Insights
Do we need to call time on the IT department?
Despite the rapidly-evolving, forward thinking nature of technology itself – sometimes old habits die hard.
Let’s go back to the 1990s. The IT department consisted of people that nobody had heard of, often seen emerging from eerily dark basements at unusual hours of the day. Those people were there to keep the mystical machines working at a time when a computer was merely a small part of day-to-day business life.
Fast forward to the present day and things are very different. The country’s fastest growing bank isn’t really a bank, it’s a software company. The world’s most valuable car manufacturer differentiates itself not on the prowess of its vehicles, but the capabilities of its software. These businesses don’t have IT departments, instead they place IT skills wherever they are needed within the business. This shift is both significant and necessary.
For years the IT department has been the enemy of the average user who just wants to get something done – it’s the function that is there to fix issues, is entirely focused on reliability rather than innovation, and seems to be unable to react rapidly to business needs.
Blaming the team members or leadership is entirely unfair, when the issue really lies with the fundamental concept of an IT department in the first place.
It’s a function that is expected to answer to everyone and must be seen to treat everyone equally, whilst being excluded from understanding the business’ wider goals or strategy. Such an approach will never deliver good business outcomes.
Then there’s the cultural gap – people who work in tech usually do so because they like tech. By clubbing all these people together, organisations create much bigger cultural differences and the gap between departments widens.
It might not surprise you to know that at razorblue, we don’t have an IT department – but what we do have is a lot of specialists embedded within the relevant parts of our business that are empowered to build and maintain the tech they need.
Take for example the data analysis function we’ve got in our finance team. This is headed up by an SQL-script writing, DAX programming expert – someone you’d typically find in an IT team in any other business. But for us, they’re in exactly the right place, focused and bought into the goals the finance team is trying to achieve.
But what about control? Standardisation? Risk? De-centralisation doesn’t have to create these problems. By setting out common principles and standards – such as the programming languages that we’ll use, or the security standards that applications we build or deploy must adhere to – we can enable rapid change and innovation without risk.

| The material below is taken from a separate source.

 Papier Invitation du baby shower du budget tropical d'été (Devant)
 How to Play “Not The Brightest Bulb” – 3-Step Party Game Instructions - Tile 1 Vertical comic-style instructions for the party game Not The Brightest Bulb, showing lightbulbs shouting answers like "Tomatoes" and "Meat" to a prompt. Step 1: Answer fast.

When unbound by traditional concepts, organisations have the opportunity to embed technical knowledge and expertise within every department. Not only can subject matter experts understand what the business wants to do from a strategic standpoint, but they can bring innovation to the table and often foresee challenges that may have otherwise gone unnoticed.
The benefits of tech minds need to be embedded, embraced and equitable throughout every part of the organisation, because they are the organisation. So, whilst we don’t think every IT department will be disbanded tomorrow, it’s a cultural shift that we’re watching closely.